Türkiye bölgesel bir güç. Bölgedeki bütün taraflarla iyi ilişki kurmak ve nüfuzunu kullanabilmek durumunda. Türkiye uzun yıllar, özellikle Özal döneminde bunu yaptı. Ama ötekilerle savaş halinde olan bir ülke ile özel ilişkiler kurarsanız, konumunuz değişir; bölgesel güç olmaktan çıkar, bölgesel jandarma olursunuz. Türkiye Soğuk Savaş boyunca bu rolü oynadı. Şimdi bazıları Türkiye'yi yeniden bu role itiyor. Kısa vadede Türk ordusunun İsrail'le iyi ilişkilerde teknolojik ve stratejik yarar olduğunu düşünmesi doğal. Ama bu bir Soğuk Savaş ittifakı... Türkiye bu yüzden birçok Arap ülkesini kendisinden uzaklaştırıyor; İsrail'in müttefiki olarak algılanıyor. Bunun Türkiye'nin uzun vadeli çıkarlarına hizmet etmediğini düşünüyorum.

İslamcı akımlar geriliyor

* İslamcı akımları yakından izliyorsunuz. Genel durumları ne? Türkiye'deki İslamcı akım öteki ülkelerdekilerden farklı mı?

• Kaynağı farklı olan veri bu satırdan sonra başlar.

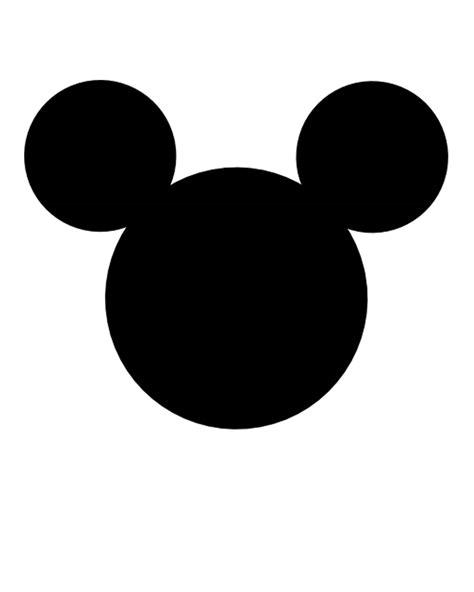 mickey mouse ears png transparent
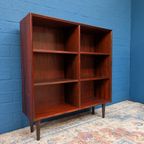 Vintage Palissander Boekenkast, Jaren 60 thumbnail 2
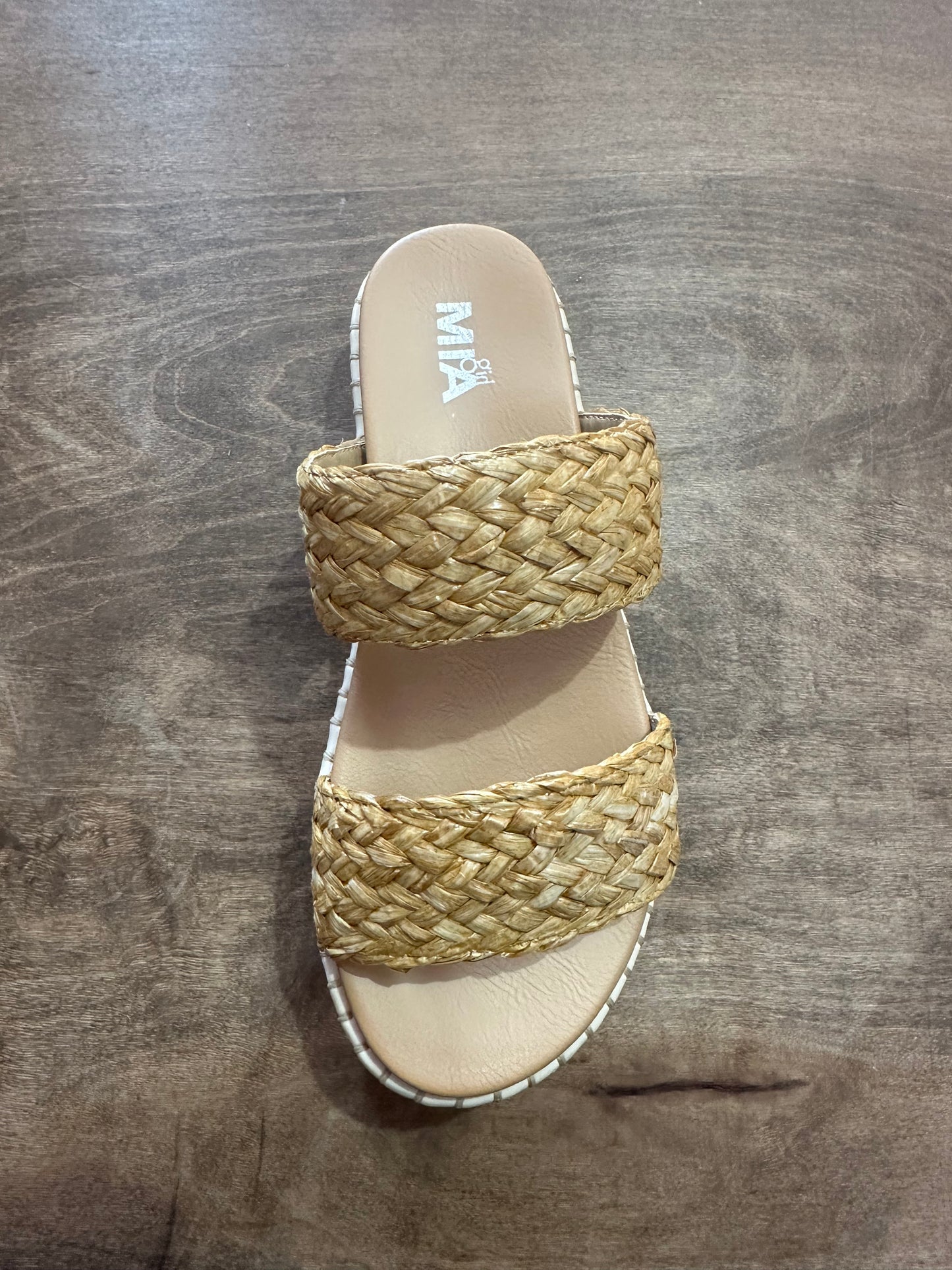 Leanna Natural Platform - Sandal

Her ülkedeki İslamcı akım, ötekilerden tamamen farklı. Bir "İslamcı enternasyonal" yok. Komünist enternasyonale dahil partiler bile farklı düşünüyordu. Milli etken çok önemli. İnsanlar İslamcı, komünist, vs olmadan önce milliyetçi. Fransız komünisti İtalyan komünistine benzeyemez. Cezayir'deki İslam tarihi nedenlerle tamamen farklıdır. Türkiye'nin, Mısır'ın İslamı tamamen kendine özgüdür. Lübnan'da Hizbullah'ın lideri Fadlallah ile konuştum: tam bir Lübnan politikacısı.
İslamcı akımlar arasında eğer bir ortak nokta varsa, o da hepsinin protesto akımları, partileri olmaları. İslamcı akımlar genellikle insan hakları ve demokrasinin olmadığı yerlerde; anti - demokratik rejimlere protesto olarak gelişiyor. Maalesef demokrasi şampiyonları olarak algılanıyor. Demokrasiyi savunuyorlar, çünkü ayakta kalmak istiyorlar. Eğer iktidara gelseler belki daha çok baskı uygulayacaklar.
Genelde İslamcı akımlar gerilemekte. Ortadan kalkmayacaklar ama onlara karşı yürütülen mücadele sona erdiğinde daha da gerileyecekler. Çünkü şimdi demokrasi şampiyonları olarak görülüyorlar. Demokratik ortamlarda ise cazebilerini yitiriyorlar. Laik hakim sınıfların saygın olamadığı yerlerde İslamcıların başarılı olması normal, çünkü sol partiler ortada yok.
Türkiye'de İslamcı akım farklı. Türkiye'de İslam da farklı. Daha hoşgörülü ve çok daha esnek, modern koşullara daha uyumlu. Bu belki Osmanlı millet sisteminin bir sonucu. Türkiye'de şiddet yanlısı bir İslamcı politikacıyla karşılaşmadım.